## PROBLEM REQUIREMENTS
Everything from the line containing "HANDMADE Crochet Raglan" through the line containing "Building Photo - 2475 Hawk Creek Trail" should be repeated exactly, and nothing else from the data.

(AVAILABLE DATA begins)

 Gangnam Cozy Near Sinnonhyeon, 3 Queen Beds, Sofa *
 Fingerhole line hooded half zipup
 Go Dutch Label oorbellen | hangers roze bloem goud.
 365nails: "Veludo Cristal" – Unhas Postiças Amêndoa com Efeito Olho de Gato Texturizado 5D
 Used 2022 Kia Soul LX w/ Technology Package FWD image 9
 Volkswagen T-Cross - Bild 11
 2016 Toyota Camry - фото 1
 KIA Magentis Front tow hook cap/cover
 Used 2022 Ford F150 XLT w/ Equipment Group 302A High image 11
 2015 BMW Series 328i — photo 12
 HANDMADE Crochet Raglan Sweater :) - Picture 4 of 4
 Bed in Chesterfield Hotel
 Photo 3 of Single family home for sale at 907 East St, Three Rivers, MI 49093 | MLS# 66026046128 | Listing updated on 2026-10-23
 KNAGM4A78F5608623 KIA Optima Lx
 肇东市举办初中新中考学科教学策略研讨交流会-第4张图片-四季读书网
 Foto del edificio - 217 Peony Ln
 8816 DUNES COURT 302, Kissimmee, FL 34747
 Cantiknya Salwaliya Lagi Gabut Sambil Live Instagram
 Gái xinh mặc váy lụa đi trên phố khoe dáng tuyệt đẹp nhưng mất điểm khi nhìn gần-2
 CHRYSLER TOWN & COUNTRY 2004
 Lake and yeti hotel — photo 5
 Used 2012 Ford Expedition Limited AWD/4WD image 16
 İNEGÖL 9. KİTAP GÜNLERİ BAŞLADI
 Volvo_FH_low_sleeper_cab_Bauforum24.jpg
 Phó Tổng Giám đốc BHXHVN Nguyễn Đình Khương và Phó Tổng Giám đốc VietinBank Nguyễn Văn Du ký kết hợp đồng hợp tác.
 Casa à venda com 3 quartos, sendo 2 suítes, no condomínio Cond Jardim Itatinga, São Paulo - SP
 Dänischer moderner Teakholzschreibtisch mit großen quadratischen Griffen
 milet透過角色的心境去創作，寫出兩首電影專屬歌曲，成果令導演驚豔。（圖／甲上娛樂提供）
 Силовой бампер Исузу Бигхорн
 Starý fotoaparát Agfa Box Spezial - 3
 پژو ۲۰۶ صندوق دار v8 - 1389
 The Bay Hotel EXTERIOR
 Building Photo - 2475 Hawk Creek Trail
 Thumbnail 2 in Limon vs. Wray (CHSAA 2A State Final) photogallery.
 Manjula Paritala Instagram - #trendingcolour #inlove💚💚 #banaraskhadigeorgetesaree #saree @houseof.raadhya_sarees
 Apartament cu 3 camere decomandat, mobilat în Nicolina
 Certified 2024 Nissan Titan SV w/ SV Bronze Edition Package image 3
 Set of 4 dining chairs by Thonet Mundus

(AVAILABLE DATA ends)

## SOLUTION TO THE EXERCISE
 HANDMADE Crochet Raglan Sweater :) - Picture 4 of 4
 Bed in Chesterfield Hotel
 Photo 3 of Single family home for sale at 907 East St, Three Rivers, MI 49093 | MLS# 66026046128 | Listing updated on 2026-10-23
 KNAGM4A78F5608623 KIA Optima Lx
 肇东市举办初中新中考学科教学策略研讨交流会-第4张图片-四季读书网
 Foto del edificio - 217 Peony Ln
 8816 DUNES COURT 302, Kissimmee, FL 34747
 Cantiknya Salwaliya Lagi Gabut Sambil Live Instagram
 Gái xinh mặc váy lụa đi trên phố khoe dáng tuyệt đẹp nhưng mất điểm khi nhìn gần-2
 CHRYSLER TOWN & COUNTRY 2004
 Lake and yeti hotel — photo 5
 Used 2012 Ford Expedition Limited AWD/4WD image 16
 İNEGÖL 9. KİTAP GÜNLERİ BAŞLADI
 Volvo_FH_low_sleeper_cab_Bauforum24.jpg
 Phó Tổng Giám đốc BHXHVN Nguyễn Đình Khương và Phó Tổng Giám đốc VietinBank Nguyễn Văn Du ký kết hợp đồng hợp tác.
 Casa à venda com 3 quartos, sendo 2 suítes, no condomínio Cond Jardim Itatinga, São Paulo - SP
 Dänischer moderner Teakholzschreibtisch mit großen quadratischen Griffen
 milet透過角色的心境去創作，寫出兩首電影專屬歌曲，成果令導演驚豔。（圖／甲上娛樂提供）
 Силовой бампер Исузу Бигхорн
 Starý fotoaparát Agfa Box Spezial - 3
 پژو ۲۰۶ صندوق دار v8 - 1389
 The Bay Hotel EXTERIOR
 Building Photo - 2475 Hawk Creek Trail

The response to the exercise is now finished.